Sorry for the long post, it seems like getting the background down here would be helpful:
I’ve got a database of about 3000 triples that represent what I think is a relatively classic “Knowledge Representation and Reasoning” database that describes a world and allows the user to walk around and examine it. It’s an interactive fiction type game. The data is stored in triples like rel(player, isa, person)
ala RDF.
The current performance is not great and I also need the knowledge base to be able to be much bigger. So I’m looking for ways to limit the raw data the queries need to chug through since that is one of the limiting factors.

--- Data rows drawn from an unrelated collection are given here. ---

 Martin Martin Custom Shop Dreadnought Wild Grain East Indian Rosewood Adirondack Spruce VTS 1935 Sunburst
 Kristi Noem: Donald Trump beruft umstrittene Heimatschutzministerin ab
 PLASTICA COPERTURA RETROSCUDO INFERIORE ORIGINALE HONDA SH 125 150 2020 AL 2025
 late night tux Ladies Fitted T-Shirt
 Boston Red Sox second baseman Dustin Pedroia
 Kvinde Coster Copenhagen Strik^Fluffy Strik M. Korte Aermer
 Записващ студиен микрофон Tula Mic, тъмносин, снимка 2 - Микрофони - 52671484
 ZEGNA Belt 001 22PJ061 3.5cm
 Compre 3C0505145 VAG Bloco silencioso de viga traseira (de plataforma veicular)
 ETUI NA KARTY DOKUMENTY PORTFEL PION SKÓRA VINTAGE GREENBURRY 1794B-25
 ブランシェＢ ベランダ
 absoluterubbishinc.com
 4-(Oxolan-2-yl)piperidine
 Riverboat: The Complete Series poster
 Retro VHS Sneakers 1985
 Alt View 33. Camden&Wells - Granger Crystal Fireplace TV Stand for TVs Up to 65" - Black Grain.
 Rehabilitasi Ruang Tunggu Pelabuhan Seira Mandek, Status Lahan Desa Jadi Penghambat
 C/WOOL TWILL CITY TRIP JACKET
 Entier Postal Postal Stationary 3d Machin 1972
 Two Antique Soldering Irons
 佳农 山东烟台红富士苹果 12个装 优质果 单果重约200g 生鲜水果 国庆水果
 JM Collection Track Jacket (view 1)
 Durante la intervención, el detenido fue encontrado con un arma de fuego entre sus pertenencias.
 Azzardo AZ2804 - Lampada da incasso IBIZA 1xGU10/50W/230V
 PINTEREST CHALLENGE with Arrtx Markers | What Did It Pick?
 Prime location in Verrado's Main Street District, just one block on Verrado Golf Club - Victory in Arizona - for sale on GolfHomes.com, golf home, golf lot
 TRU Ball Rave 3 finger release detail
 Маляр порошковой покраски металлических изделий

One thing I’ve noticed is that, analogously to rendering graphics in a 3D environment, a lot of the knowledge is invisible depending on the user’s location. By this I mean that if I were to completely remove those “invisible” triples from the database, the queries would all return the same results and the experience would be identical. However, right now these triples are just sitting there being retrieved, running through queries that fail, and being subsequently ignored…and burning performance.
For example:
- The player is in the Conservatory and they ask any question about the kitchen. Since that is another room you can’t see, they will all fail.
- There is a box of 50 different toys in the bedroom. When the player is in the living room, we shouldn’t have to cycle through all of these toys when they ask “what can I see?”, since they are “out of scope” and nothing you can say or ask about them will succeed.
etc.
To reduce the amount of irrelevant information SWI Prolog has to fish through, I’m experimenting with changing the lowest level data interface predicate I have, rel(Subject, Relationship, Object)
, to remove some of the obviously useless information based on the player’s location. I do this by:
- Adding an extra
Shard
argument to the raw data predicate I’m using:store(X, Rel, Y, Shard)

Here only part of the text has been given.